TRY IT: In the material below, find the line containing "Chłodnica silnika 710924080 Fiat/Alfa/Lancia" and output it and all lines after it exactly, through the last one, without the pictures.
-------
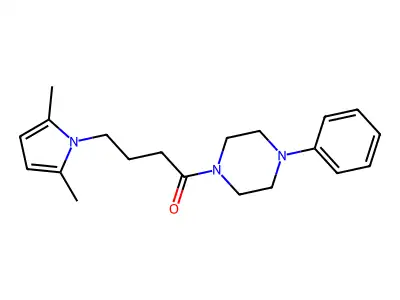 Piperazine, 1-(4-(2,5-dimethyl-1-pyrrolyl)butyryl)-4-phenyl- structure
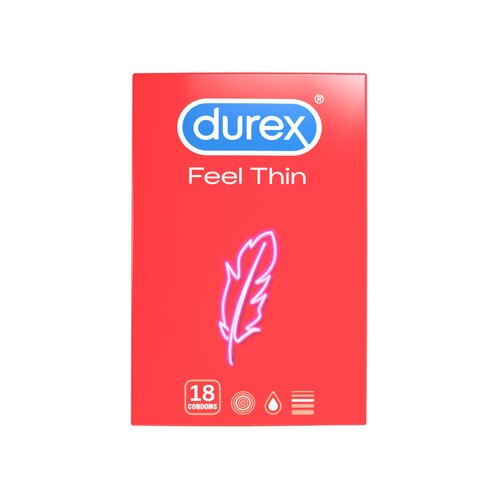 Durex Kondom Feel Thin, 18 kos. Cene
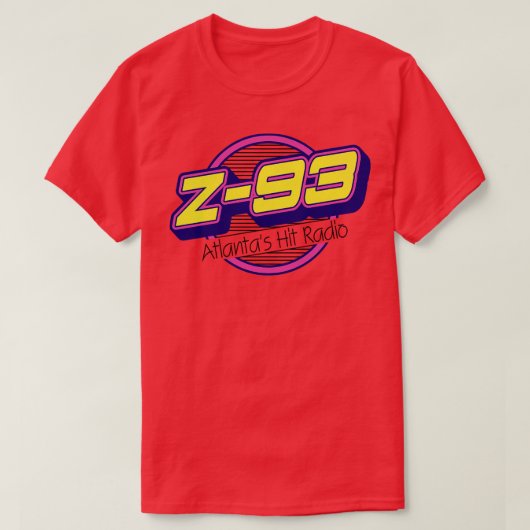 Z 93 Atlanta trifft Retro Defunkt Radio Station T-Shirt (Design vorne)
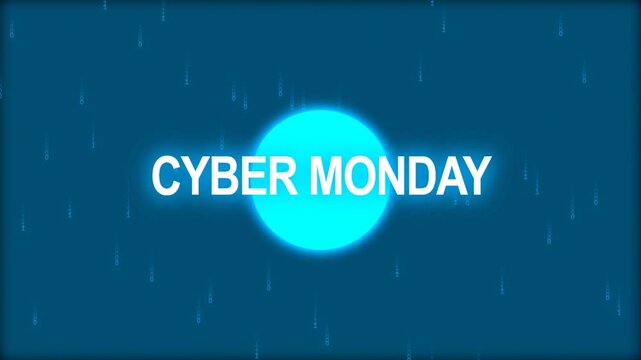 Cyber monday digital promo banner countdown animation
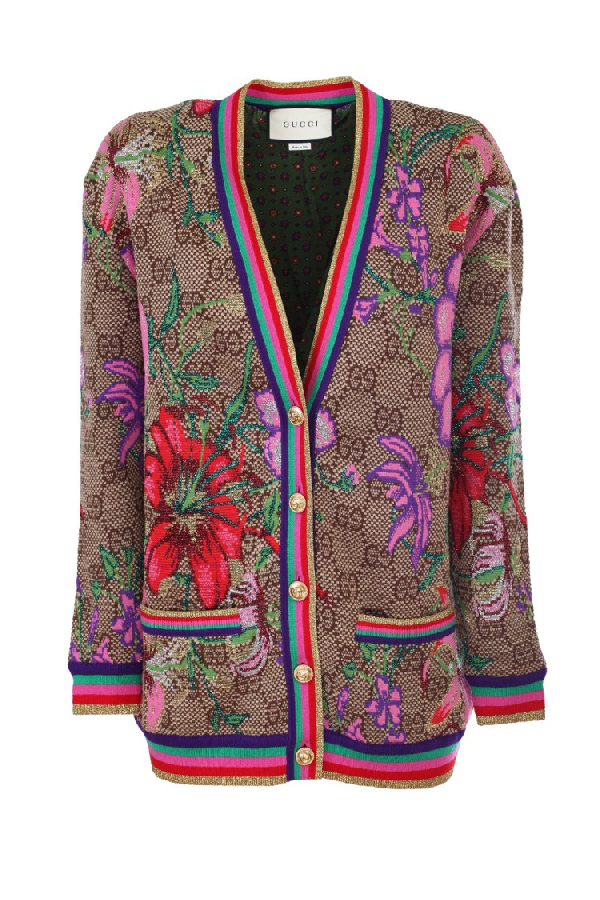 gucci floral sweater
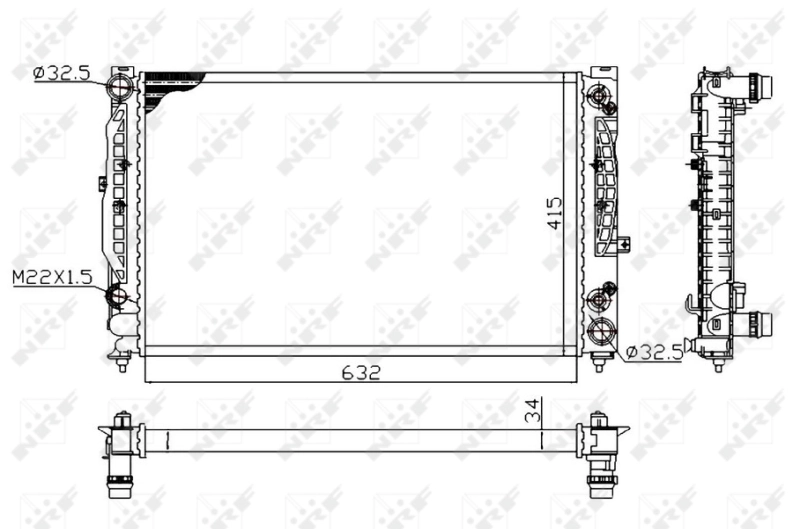 Chłodnica silnika 710924080 Fiat/Alfa/Lancia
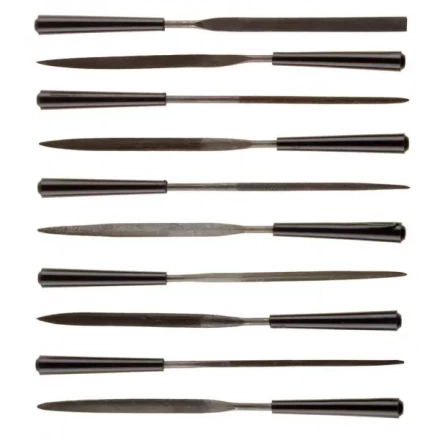 Набор STAYER &quot;MASTER&quot; Надфили с пластмассовой ручкой, 100мм, 10шт 16011-H10_z01 купить в Нефтеюганске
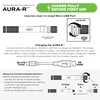 Police Security - Aura-R Flashlight - 360 Lumens - Water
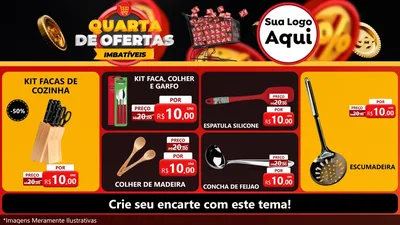 Modelo de TV para TV Horizontal com o tema Quarta de Ofertas Imbatíveis para Utilidades Domésticas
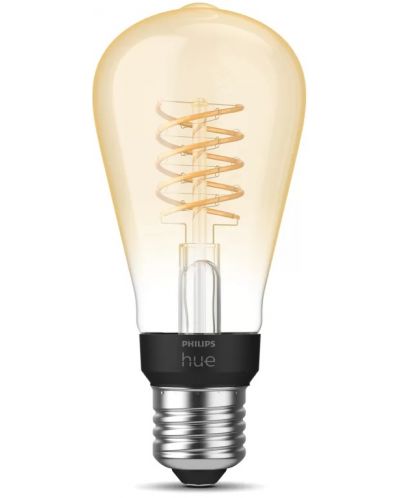 Смарт крушка Philips - Hue Filament, 7W, E27, ST64, dimmer - 3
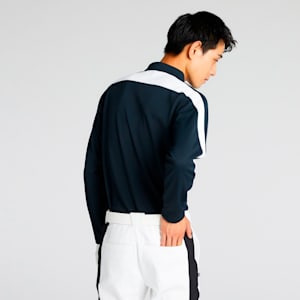 メンズ ゴルフ PF ストレッチ サーモ テーパード ライン 長袖 ポロシャツ, PUMA Black, extralarge-JPN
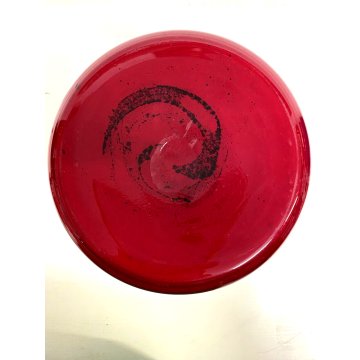 VASO MONOFIORE BOTTIGLIA LABORATORIO VETRO SOFFIATO ROSSO ZIRCONIO 22 cm/h '900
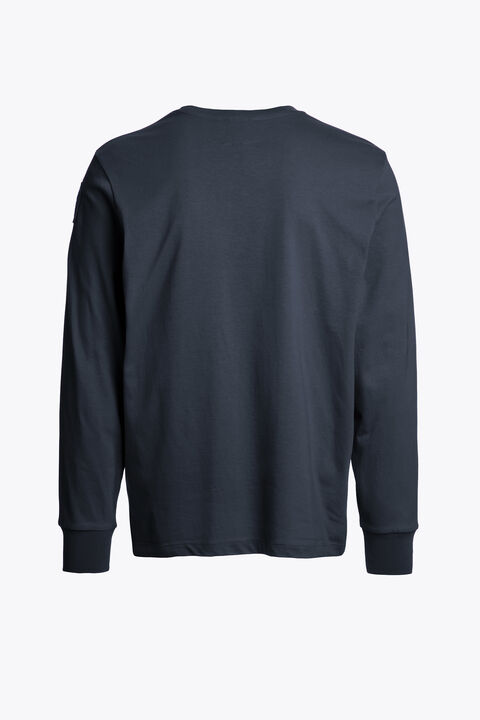 Parajumpers KIP - LONG SLEEVE T-SHIRT BLUE NAVY 26WMPMTSER28P170316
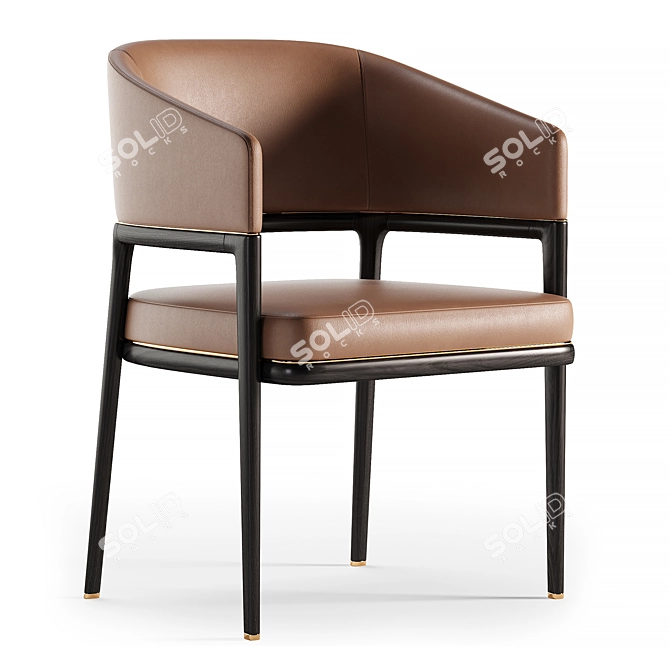 Aster Mark Dining Chair Export 3D model image 1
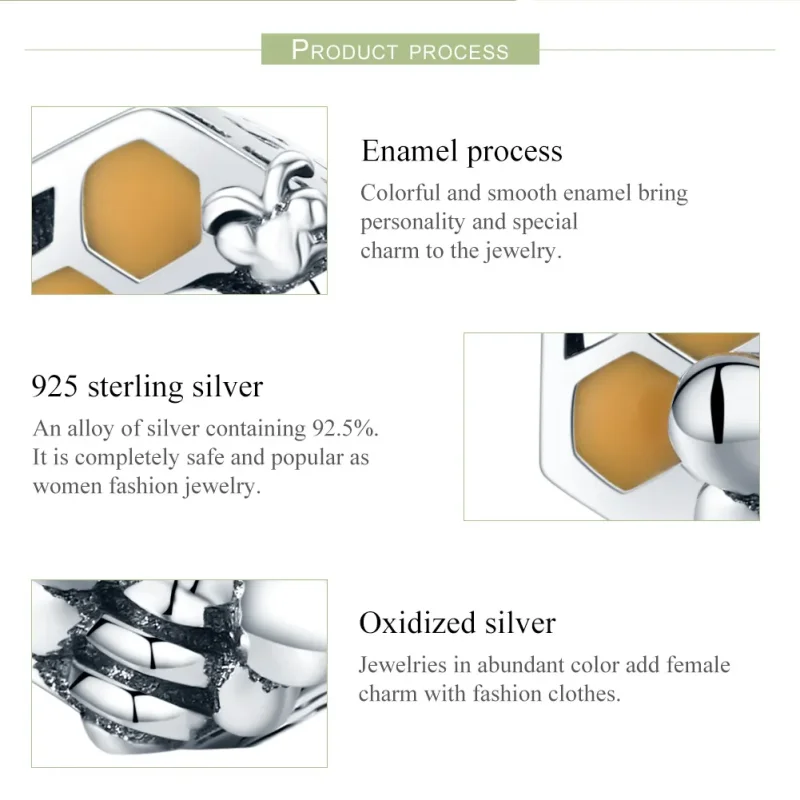 (image for) Pandora Style Silver Beehive Charm - SCC500 - View 6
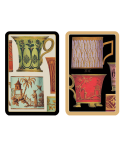 Coffret de 2 jeux de cartes Caspari Salon de thé CAR32006 Cartes à jouer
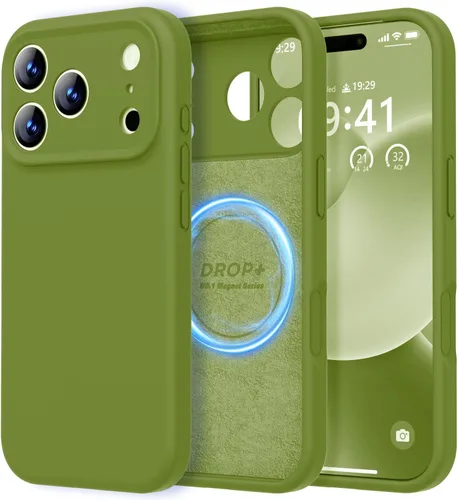 Vista 245 de LOVE 3000 Diseñada para Funda iPhone Air, Silicona Premium [Compatible con Magsafe][Forro de Microfibra Suave Anti-Rayones] Funda Protectora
-------
EXPECTED OUTPUT:
 Chłodnica silnika 710924080 Fiat/Alfa/Lancia
 Набор STAYER &quot;MASTER&quot; Надфили с пластмассовой ручкой, 100мм, 10шт 16011-H10_z01 купить в Нефтеюганске
 Police Security - Aura-R Flashlight - 360 Lumens - Water
 Modelo de TV para TV Horizontal com o tema Quarta de Ofertas Imbatíveis para Utilidades Domésticas
 Смарт крушка Philips - Hue Filament, 7W, E27, ST64, dimmer - 3
 メンズ ゴルフ PF ストレッチ サーモ テーパード ライン 長袖 ポロシャツ, PUMA Black, extralarge-JPN
 VASO MONOFIORE BOTTIGLIA LABORATORIO VETRO SOFFIATO ROSSO ZIRCONIO 22 cm/h '900
 Parajumpers KIP - LONG SLEEVE T-SHIRT BLUE NAVY 26WMPMTSER28P170316
 Aster Mark Dining Chair Export 3D model image 1
 (image for) Pandora Style Silver Beehive Charm - SCC500 - View 6
 Coffret de 2 jeux de cartes Caspari Salon de thé CAR32006 Cartes à jouer
 Vista 245 de LOVE 3000 Diseñada para Funda iPhone Air, Silicona Premium [Compatible con Magsafe][Forro de Microfibra Suave Anti-Rayones] Funda Protectora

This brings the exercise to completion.